Direkt danach beim Empfang der Akademie des DMAP. U und E traut beisammen. Gute Gespräche und eine nette und kollegiale Stimmung. Ich sitze am Tisch mit U-Kollegen, irgendwie fällt der Name Wolfgang Rihm. „Habe ich da gerade Wolfgang Rihm gehört? An den erinnere ich mich aus den Konzerten, die meine Eltern immer in ihrer Neue-Musik-Reihe präsentiert haben!“. Der Kollege erzählt von freakigen und nerdigen Konzerten mit seltsamer Musik, einmal mussten in der Provinz mit großem Aufwand ein halbes Dutzend Flügel besorgt werden, um ein Stück von Spahlinger aufzuführen. Der Kollege hat einen musikalisch anderen Weg eingeschritten, aber es ist sichtlich, dass ihm diese Erinnerung lieb ist und es ihm etwas bedeutet. Ich finde es sehr schön, dass uns das verbindet. U und E gehören eben auch zusammen, an ganz vielen Stellen inspiriert man sich gegenseitig.

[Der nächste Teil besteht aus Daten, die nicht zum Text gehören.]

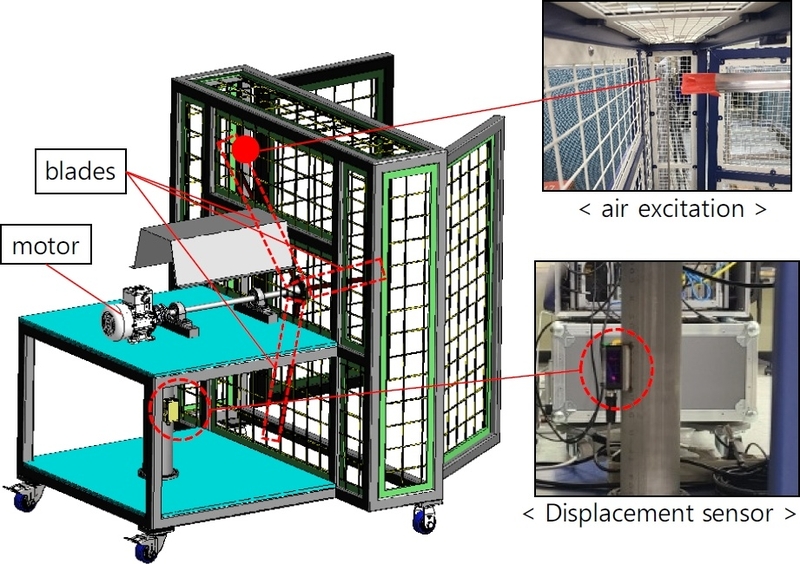 Fig. 1. Fig. 1.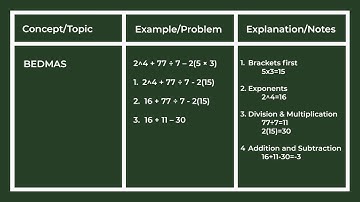 3 Column Note Taking for Math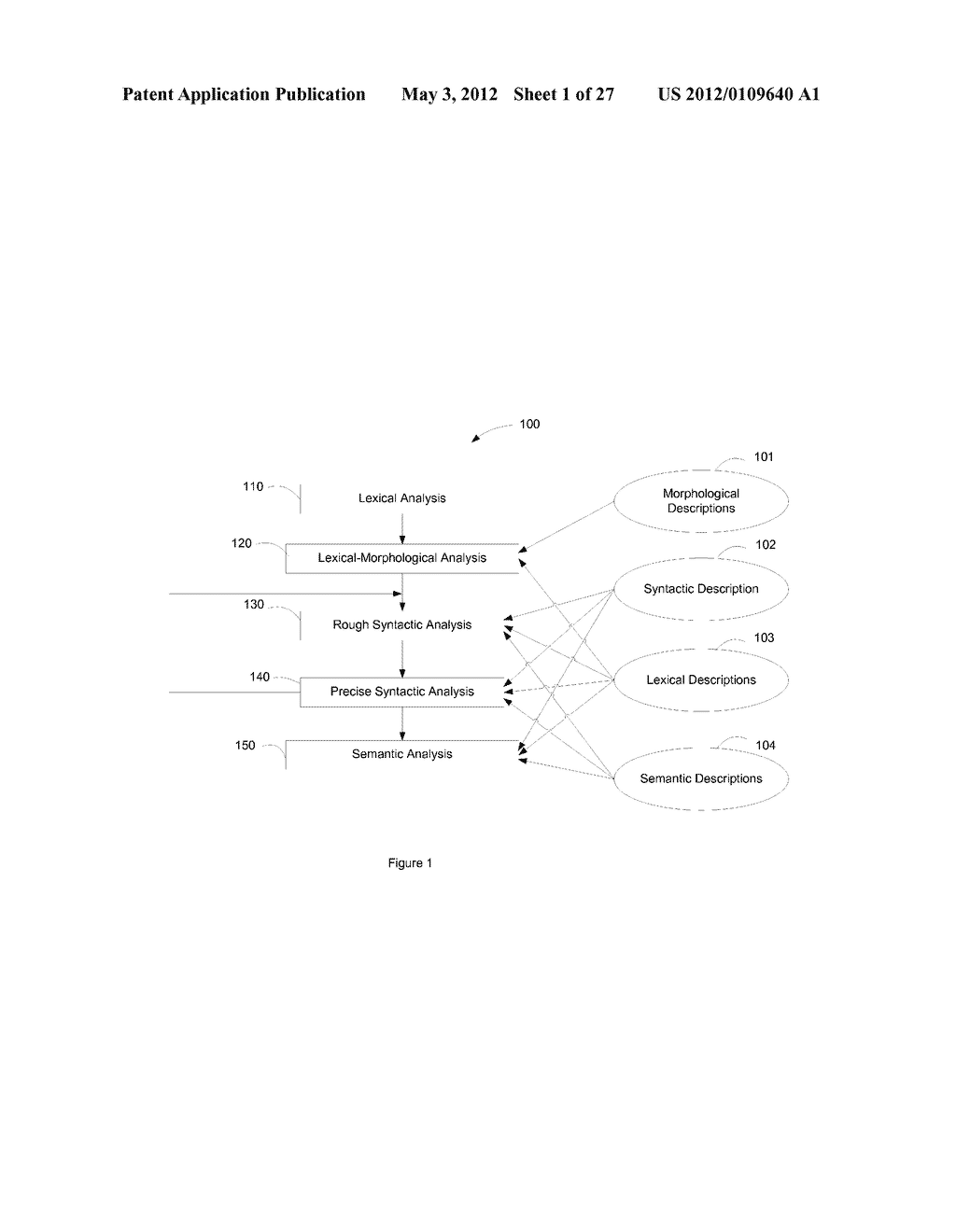 METHOD AND SYSTEM FOR ANALYZING AND TRANSLATING VARIOUS LANGUAGES WITH USE     OF SEMANTIC HIERARCHY - diagram, schematic, and image 02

Am nächsten Tag dann Großkampftag beim DMAP. Ich habe extra drei kleine Schildchen gemacht, die Diskussionen anregen sollen. Eine friedliche Aktion, die auch so aufgenommen wird und in vielen Gesprächen resultiert. Im Star-Trek-Hemd mache ich mich zum Affen und mache Selfies mit Prominenten. Charlotte Seither gelingt ein Coup, als sie Campino von den Toten Hosen zu einem leidenschaftlichen Statement für die E-Musik anregt. Leider bin ich nicht dabei, ich hätte mich gerne mit Campino fotografiert. Immerhin sang der mal Mackie Messer unter dem Dirigat meines lieben Kollegen Jan Müller-Wieland (und unter der Regie von Klaus-Maria Brandauer), ist also auch ein waschechter E-Künstler.

Mir wiederum gelingt es dem sympathischen Berliner Rapper Ski Aggu zwei kurze Videos mit Grüßen an meine Kinder abzutrotzen, was diese ungemein freut, denn sie sind große Fans. Mit dem ganzen GEMA-Kram wollte ich ihn dann nicht belästigen. Aber dafür viele andere, die sich willens vor die Kamera stellen (eine Galerie siehe unten). Unsuk Chin z.B. versteht den Ernst der Lage glänzend und findet gute Worte zum Thema bei ihrer Dankesrede für den Preis. Überhaupt: so kollegial war man unter E-Kollegen schon lange nicht mehr. Die Zeit drängt halt.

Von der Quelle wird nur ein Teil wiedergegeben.